You cannot live a lie without losing yourself. That’s just the way it works. And in all my years of telling lies I had lost my soul so gradually and imperceptibly that I didn’t even realize it had happened. Because I was always wearing a mask, life happened to the mask and not to me.

But then, from the very first moment that I made my confession, the mask came off and light and air rushed back onto my real face and I definitely felt that! It felt like my soul was being restored. Yes, now there was a great deal more stress and drama in my life, but it was all happening directly to me, not to the mask, and that was all that mattered.
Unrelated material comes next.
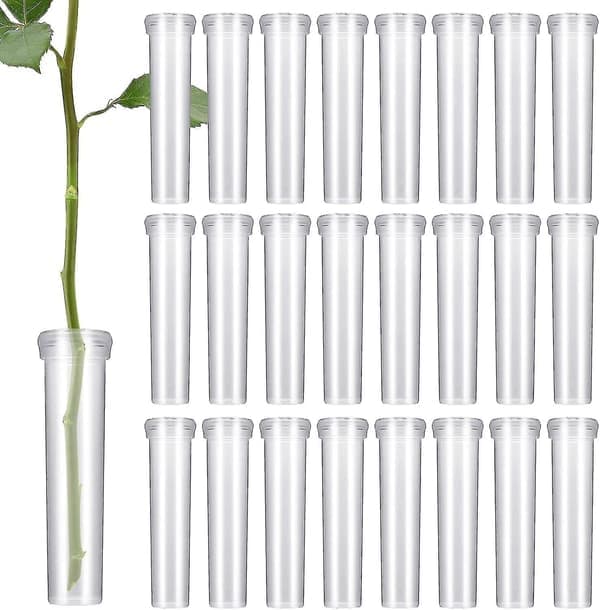 Pakke med 100 blomster-rør, blomster-vannrør med lokk, gjenbrukbare og holdbare reagensglass for blomster, 7,1 cm, gjennomsiktig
In all my years of fear, I had been keenly aware of all the bad things that might happen to me if I told the truth, but I had never accounted for the good. If I were to travel back in time to talk with my past self when I was still unsure about coming clean I would say, “you’re right, you might lose your family, your status, your church, but none of those will be as bitter as you think because you’ll also get your authentic self back, and that is sweet enough to make up for all the rest.”

Jesus asked, “For what is a man profited, if he shall gain the whole world, and lose his own soul?” (Matthew 16:26). He is suggesting that no reward is worth the loss of a soul. I know now that this is true, because I’ve experienced the happy opposite of it.

What does a man really lack, even if he loses the whole world, but regains his own soul?